Trusts & Estates Attorney in San Francisco and Danville, California

In order to assist his clients, Baron has prepared trusts and wills for many years. In the last several years, he has begun to extend this service to a wider client base.

Having litigated real estate issues and addressing real estate problems in bankruptcies and transactions, and preparing trusts following catastrophic injury cases, he brings a unique perspective to preparation of a trust.

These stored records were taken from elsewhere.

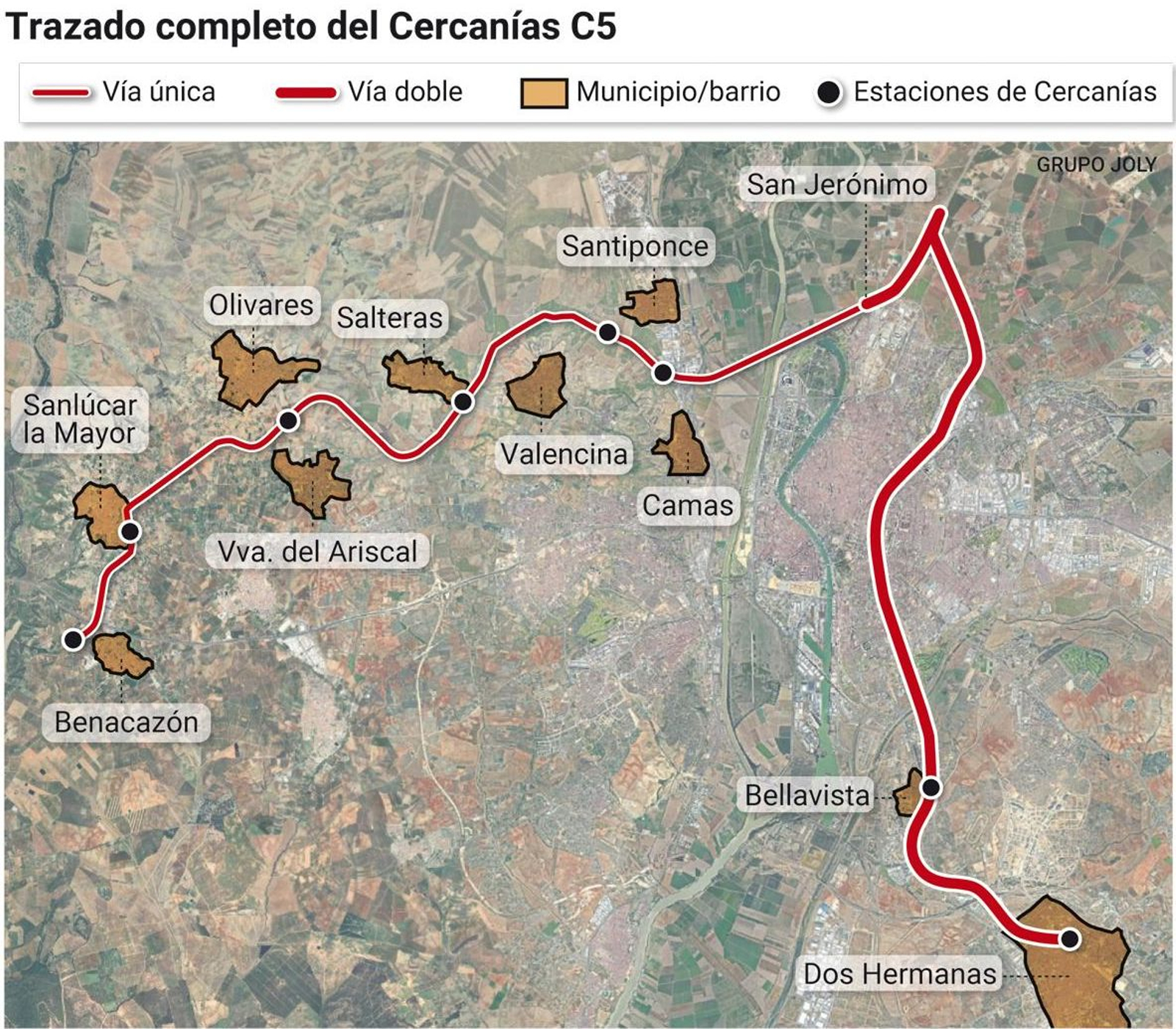 Trazado completo del Cercanías C5. Fuente: Renfe.
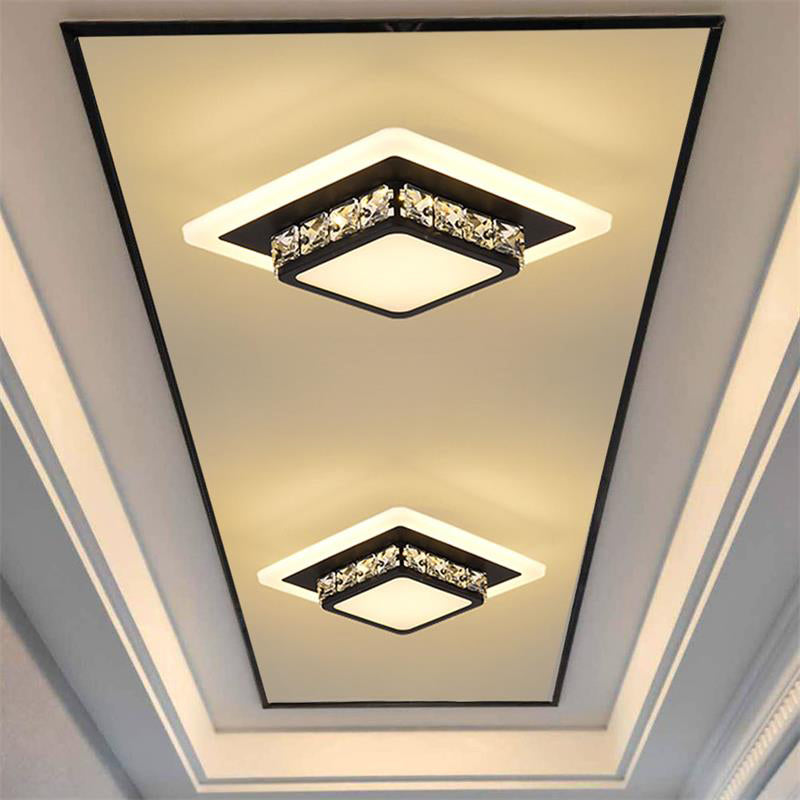 Modern LED Ceiling Mounted Lamp Geometrical Crystal Flush Light Fixture with Acrylic Shade Clearhalo 'Ceiling Lights' 'Close To Ceiling Lights' 'Close to ceiling' 'Flush mount' Lighting' 2016442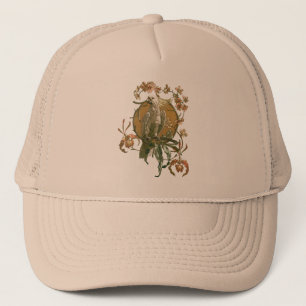 Vintage Art Nouveau, Kakadu-Vogel, Orchideenblüten Truckerkappe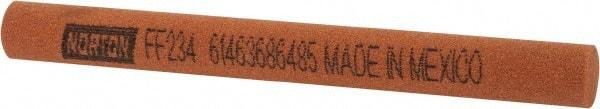 Norton - 4" Long x 3/8" Diam x 3/8" Thick, Aluminum Oxide Sharpening Stone - Round, Fine Grade - Exact Tool & Supply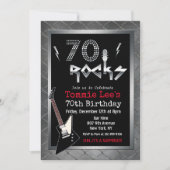 Invitation d'anniversaire 70 ans 70 Rocks Rockstar (Devant)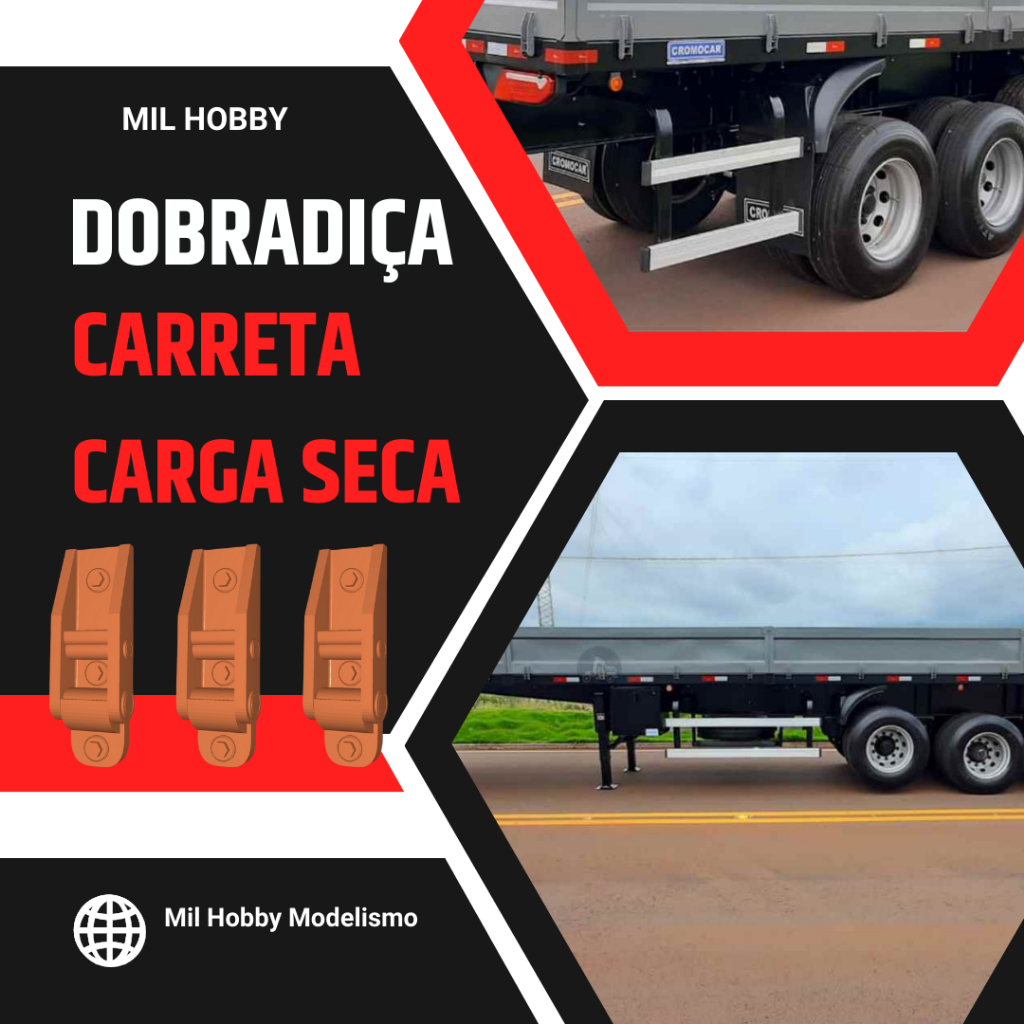 PACOTE C/ 40 UN DOBRADIÇAS CARRETA ESCALA1:32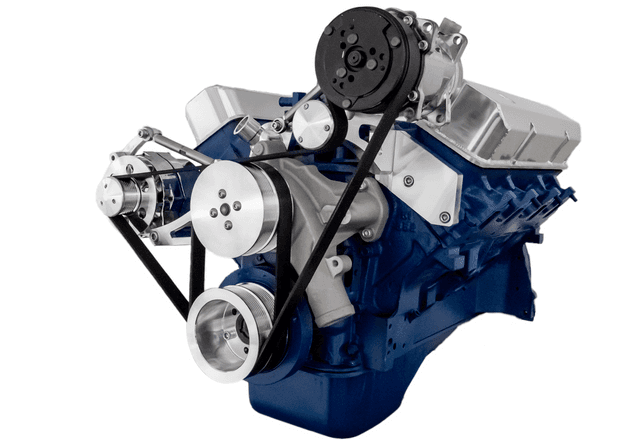 CVF SBF FE Serpentine System with Alternator & High Mount A/C Brackets, For High Flow Water Pump - Polished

There are a number of mistakes that people make with respect to their estate plans:

  • No estate plan. If you do not have an estate plan, you might place your family in the position of having to seek a conservatorship if you become incapacitated and require them to file a probate after your passing.
  • Failure to transfer real estate into the trust. Real property must be transferred by deed; otherwise, the trust will not be able to administer the real estate. Bank accounts and brokerage accounts have to be made a part of the trust as well.
  • Failure to properly maintain the community property aspect of their home. In California, property accumulated during the marriage is community property with a few exceptions. That community property characterization must be properly handled in the trust. The error could create adverse tax consequences.
  • Updating the estate plan is important. There may be children or grandchildren born since the trust was drafted. There may be changes in tax law. Is there now a beneficiary who needs special provisions to take care of them?
  • Failure to name beneficiaries is a common mistake. Without proper designation, your heirs may have to probate your estate. Sometimes with divorces or deaths occurring, insurance policies or retirement accounts have not been updated.
  • Failure to include provisions for government benefits. Many trusts do not provide for government benefits. If a need develops, there must be authority for the trustee to work with governmental agencies on your behalf.

If you do not have an estate plan, you need to make it a priority. A will may be less expensive to draft, but you then have to probate the estate which is costly and time consuming. The above points only provide general legal information, and not specific legal advice. This information is no substitute for a personal consultation with an attorney.